「東京一極集中」で不動産投資はどう変わる?

(画像=Byjeng/Shutterstock.com)

東京への人口流入が続いています。内閣府の調査でも、「地方は過疎化が進行し、都心のみ人口密集が上がっていく」という将来像が描かれているため、今後、東京一極集中を避けることは難しい事態であることは明白です。このような事態において、不動産投資にもさまざまな影響が考えられます。本稿では東京一極集中と不動産投資の関係について説明します。

留まるところを知らない東京への人口一極集中

地域に転入する人の数が転出する人の数を上回ることを転入超過と呼びます。東京の場合、この転入超過数は2018年度で13万9,868人です。転入超過そのものは23年連続で、留まるところを知りません。地方の過疎化を促進させる人口の一極集中に終止符を打つため、政府も対策を立ててはいるものの、一向に成果が出ていないのが現状です。

大きく変化する国内の人口図

東京一極集中の原因の一つに国内総人口の減少が挙げられます。総務省のデータによると日本の総人口は、2004年に1億2,784万人でピークに達し、2050年には9,515万人と1億人を切ります。また、それに加えて2050年の高齢化率は39.6%であり、人口比に対して労働人口はさらに目減りしてゆく計算になっているのです。

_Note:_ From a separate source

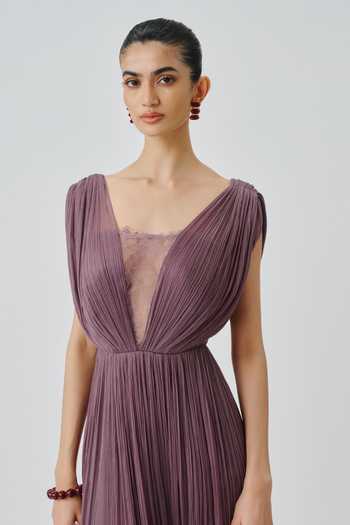 Aroka_Purple Satin, Chiffon, Modal V-, Plunge Bellflower Ruched Dress _Online_at_Aza_Fashions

地域の人口が減って働く人が少なくなれば、当然その地域は次第に過疎化していきます。過疎化した地域では仕事がないため、若い人は仕事を求めて大都市へと移住を開始することになります。すると、地方はますます過疎化し、東京には人が流れ込んでいくのです。今後は、外国人労働者の増加なども予想されますが、それであっても彼らの多くがやはり東京をはじめとする大都市圏へ移住することになるでしょう。

東京一極集中と不動産投資

東京一極集中と不動産投資の関係については、どのように考えれば良いでしょうか。上述したように、地方の過疎化と東京の人口流入は反比例するかたちになります。その理由の一つに就職先が挙げられます。仕事を求めて東京へと人が集まるのですから、たとえ東京や首都圏といえども、仕事のない地域、少ない地域などは過疎化リスクが生じると考えるべきでしょう。

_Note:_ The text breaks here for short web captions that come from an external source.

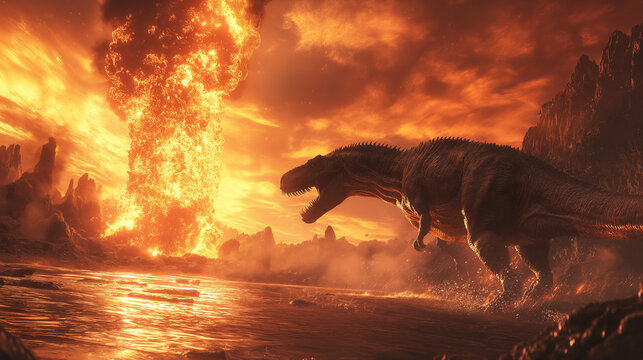 Tyrannosaurus Rex facing fiery volcanic eruption dramatic sunset prehistoric landscape intense heat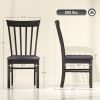 HOMCOM Wooden Dining Chairs Set of 2, Farmhouse Upholstered Kitchen Chairs with Rubber Wood Frame, Black and Gray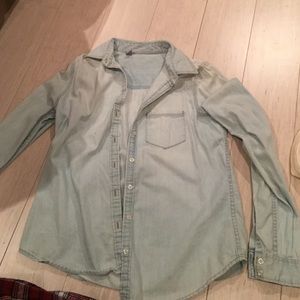Distressed chambray button down top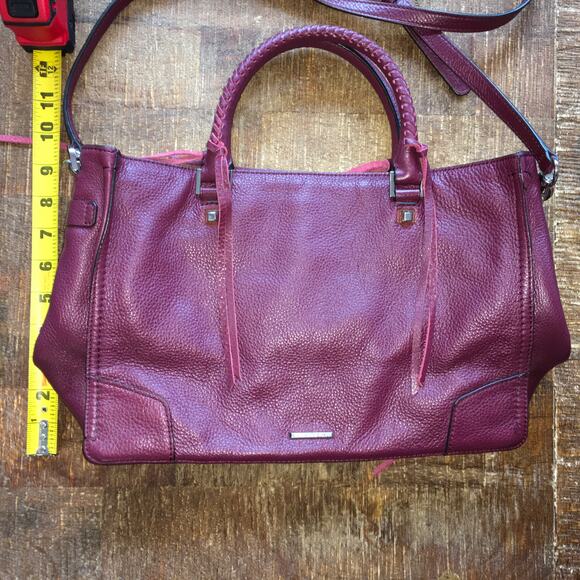 Rebecca Minkoff Fringe Regan Satchel Tote Port Red Leather Purse Handbag Maroon - Picture 6 of 14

もちろん、「都心で仕事をして郊外に一軒家を構える」というライフスタイルもあることは否めません。ただし、「郊外の物件に投資したい」と考える際には、昭和・平成初期のライフスタイルとは異なり、借り手の多くは勤め先になるべく近く、休日などは都心でショッピングなどを楽しみたいと考えていることも考慮に入れる必要があるでしょう。

考慮しておきたい顧客層の変化

東京一極集中とは、東京に「ヒト・モノ・カネ」が集まることだともいえます。モノやカネは、仕事に結びつきやすいですが、ヒトは時代によって変化します。とくに少子高齢化を考えると、現在過疎化している場所であっても、今後はその地域がシニア層向けの住宅になるような変化なども可能性としては否定できません。

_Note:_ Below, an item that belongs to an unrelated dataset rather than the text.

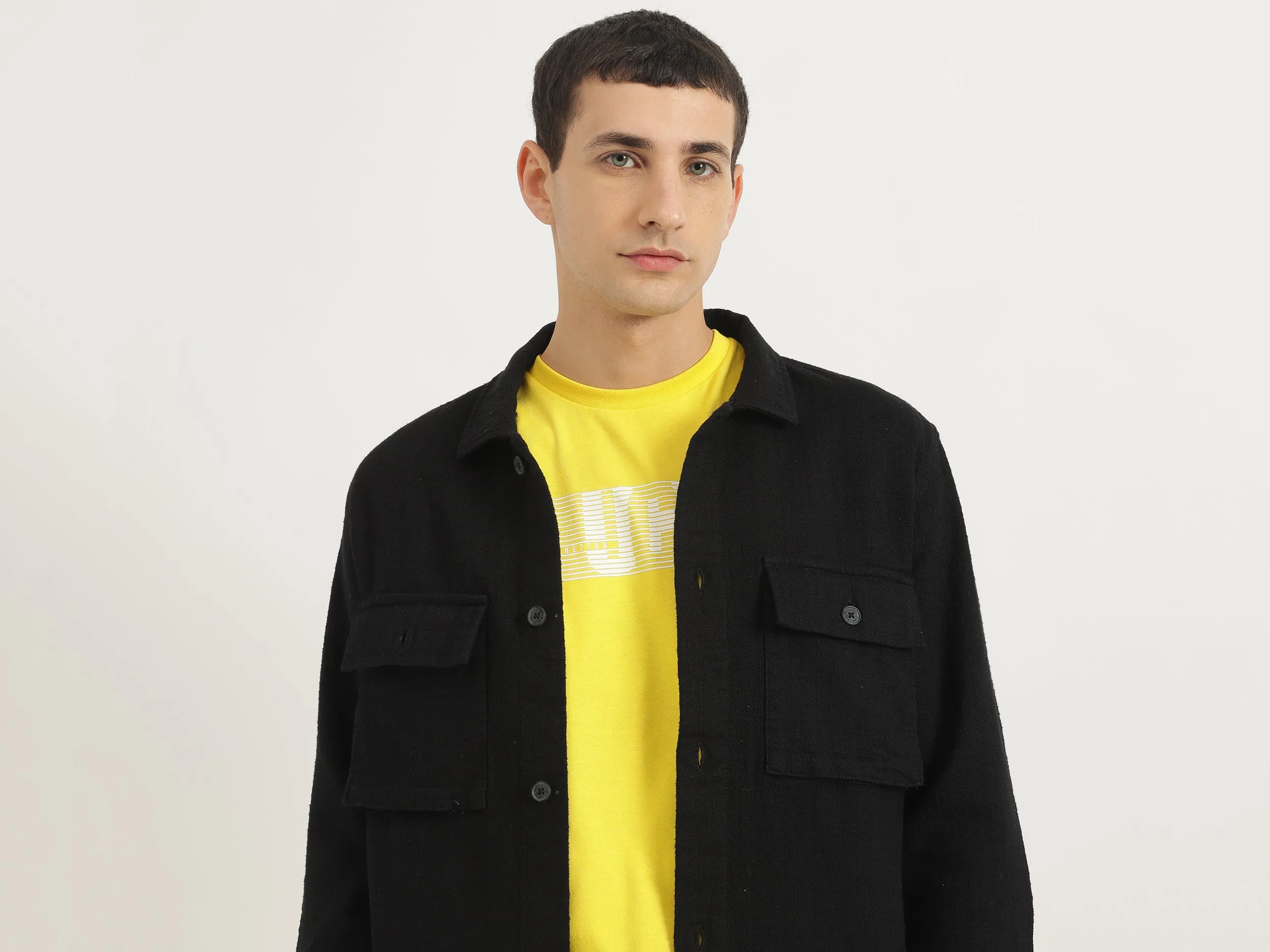 Regular Fit Spread Collar Textured Shacket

また、もう1点外国人層の増加も考慮に入れておきたいところです。外国人は、それぞれの出身国などでコミュニティを作りやすい傾向があり、従来の日本人的な地域観にとらわれません。たとえば、少々過疎化しつつある地域であっても、出身国の人々が集ってコミュニティができてくれば、そこに自然と需要も発生することも考えられるのです。

不動産投資家にとっては追い風に

もちろん、従来のターゲット層は変わらず良質の顧客として狙っていきたいところです。いずれにせよ、東京一極集中をはじめとする首都圏や大都市圏への人口流入は不動産投資家にとっては一つのチャンスです。この追い風をどう上手に活用するかが、今後の不動産投資の要となることは間違いないといえそうです。